Isaac Ashkenazi, director of the Urban Terrorism Preparedness Project at HSPH and the Harvard Kennedy School, said the U.S. government’s actions since 9/11 have borne fruit and the nation is much better prepared for a disaster than it was a decade ago.
Ashkenazi cautioned, however, that as in emphasizing government preparedness, officials should not forget one of the country’s biggest strengths: the ability of ordinary people to help when disaster strikes.
“This country is a superpower … because of the people. This country was established and developed bottom up by resilient individuals,” Ashkenazi said. “The real first responders are the bystanders … The government should use the public as an asset and not an obstacle.”
Ashkenazi spoke as part of a panel on disaster preparedness, as part of the Forum at Harvard School of Public Health, an online venue that seeks to facilitate discussions on important public health issues. “Disaster Response: A Decade of Lessons Learned Post 9/11” was presented in collaboration with the Reuters news service.
The session was introduced by HSPH Dean Julio Frenk and moderated by Reuters correspondent Aaron Pressman. In addition to Ashkenazi, it featured Jennifer Leaning, the Francois-Xavier Bagnoud Professor of the Practice of Health and Human Rights at HSPH; Stefanos Kales, associate professor in the HSPH’s Department of Environmental Health and principal investigator of a study of cardiovascular risk among firefighters; and Stephanie Kayden, an international emergency physician at Brigham and Women’s Hospital and affiliated faculty member of the Harvard Humanitarian Initiative.
Ashkenazi said that in any disaster it is friends and neighbors who are first there to lend a hand. Many more people were saved by fellow Haitians after that nation’s devastating 2010 quake than were by international responders, he said. It is therefore important to ensure that ordinary people, as well as governments and institutions, are educated and have the necessary tools available to them.

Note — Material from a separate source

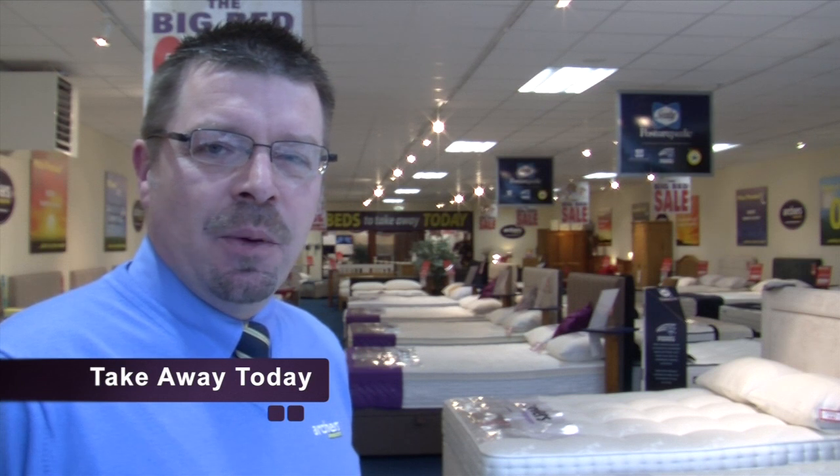Here at Archer Sleep Centre in Ayr we have a huge selection of beds, mattresses and bedroom furniture, and most of what you see is available to take away today.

“People are not victims; they are active bystanders,” Ashkenazi said.
Ashkenazi also said it’s important that leaders understand that mistakes will be made and that they ensure the lessons of those mistakes are shared so others can learn from them. In an environment demanding perfection, where mistakes are forbidden, they get hidden, and the result is a culture of blame, not learning.

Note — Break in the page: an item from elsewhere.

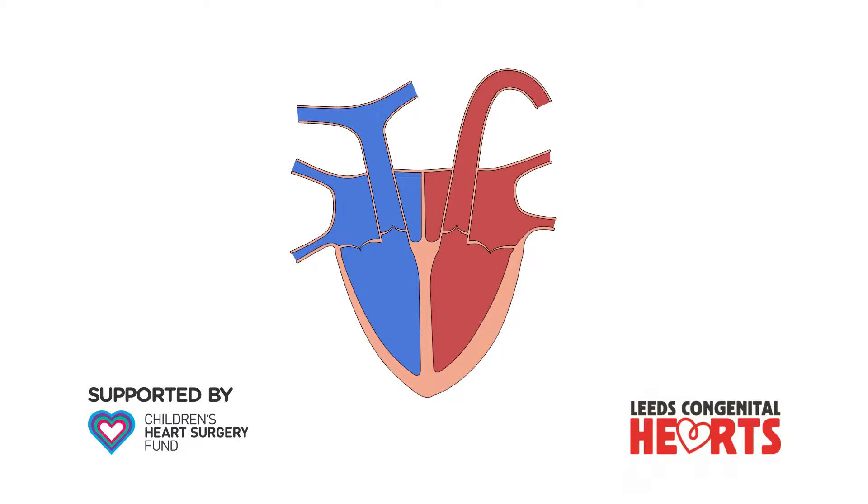This movie is about pulmonary incompetence, also called pulmonary regurgitation, and replacement of the pulmonary valve.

Panelists drew on lessons learned from other disasters that have occurred since 9/11, including Hurricane Katrina, Haiti’s 2010 quake, last spring’s Missouri tornadoes, and last March’s Japan earthquake and tsunami.
In addition to the lives lost in the terrorist attacks themselves, 9/11 can be viewed as a public health event, with clouds of potentially toxic dust affecting everyone from responders to cleanup workers for 10 months after the attacks, Kales said. Studies have shown long-lasting effects of the dust on firefighters with a loss of lung function that has stabilized over time but not improved.
A recent study of cancer prevalence among responders is inconclusive, Kales added. The study does show a slight increase in all kinds of cancer over the seven years after the event, but the amount is statistically insignificant.
Since 1900, natural disasters have hit with increasing frequency and intensity, Leaning said, partly due to more people living in disaster-prone areas. Despite that, she said, the number of deaths from such events has not risen rapidly, showing that emergency responders are doing a good job. Leaning said she thought the Federal Emergency Management Agency has struck the right mix of preparedness and training for high-level government officials and local control on the ground. She cited the evacuation of 400,000 people from New York as Hurricane Irene barreled up the coast as an example of a smooth response.
Even preparation can’t forestall some disasters, such as the earthquake and tsunami that hit Japan earlier this year, according to Kayden. Japan’s strict building codes and quake preparedness actually paid off in that event, because there were few deaths from the quake itself. Most of the casualties came from the tsunami that followed. Even then, the government had built walls to protect against such a disaster. What nobody foresaw, Kayden said, was the size of the tsunami. The hour of advance warning, she said, was enough for many people to evacuate. Some of those who died relied on the walls to keep them safe, while others evacuated and then, during the intervening time, returned home to retrieve belongings.
Despite Japan’s high level of preparedness, there were problems, she said. The supply of medicine, particularly for high blood pressure and diabetes, was inadequate at the evacuation shelters, as was those facilities’ ability to keep people warm in cold weather.
“The inability to completely prepare for any disaster will always be a factor,” Kayden said.
The Japanese quake and Hurricane Katrina on the U.S. Gulf Coast displaced huge numbers of people, something commonly seen in the developing world but not often in industrialized countries. Those types of disasters, which require supplies of water, food, medicine, and shelter, may become more common and should be planned for, she said.